Is Obama overrated as a candidate?
By Chris Cillizza, Published: October 7
In his closing remarks at the first debate in Denver last week, President Obama uttered the following sentence: “Four years ago, I said that I’m not a perfect man and I wouldn’t be a perfect president.”
For anyone who has watched Obama campaign for a second term this year, the phrase is old hat — part of the president’s seemingly self-effacing acknowledgment that he has, is and will continue to make mistakes but that he does so in the service of trying to do the right thing.
But the now-familiar phrase took on a different — and more troubling — meaning for the president in the debate as it capped a decidedly desultory performance that left even his most loyal allies wondering what was wrong with him.
Obama’s debate performance also raised a bigger question: Is he overrated as a candidate?
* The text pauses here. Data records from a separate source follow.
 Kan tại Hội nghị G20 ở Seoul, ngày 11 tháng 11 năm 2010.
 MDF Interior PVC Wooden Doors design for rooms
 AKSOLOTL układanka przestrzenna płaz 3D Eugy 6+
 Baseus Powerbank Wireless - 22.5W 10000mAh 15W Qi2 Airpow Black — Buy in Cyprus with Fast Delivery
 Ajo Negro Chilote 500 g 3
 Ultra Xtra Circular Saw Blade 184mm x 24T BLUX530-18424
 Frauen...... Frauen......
Four years ago, that question would have been unimaginable. After all, this was a man who in his first run for national office not only outmaneuvered the Clinton family to win the Democratic presidential nomination but also went on to claim a 365-electoral-vote general-election landslide against Sen. John McCain (R-Ariz). And, oh by the way, Obama did all that while raising $750 million (including $500 million online) — a sum that shattered all fundraising records.
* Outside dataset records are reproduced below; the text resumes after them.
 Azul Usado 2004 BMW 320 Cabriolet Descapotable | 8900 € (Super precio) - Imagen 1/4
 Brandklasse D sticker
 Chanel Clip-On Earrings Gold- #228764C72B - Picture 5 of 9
He beat the second string Clinton and the 72-year-old McCain and he sucked up a whole lot of Wall Street cash!
Let me make a prediction: Obama will do better and Romney worse in the next debate, as regression toward the mean kicks in.
Let me make another prediction: the reasons Obama went from nobody to President in four years without actually doing anything—recall that it took Ulysses S. Grant eight years to go from nobody to President, during which he took Vicksburg—will continue to go unexplored.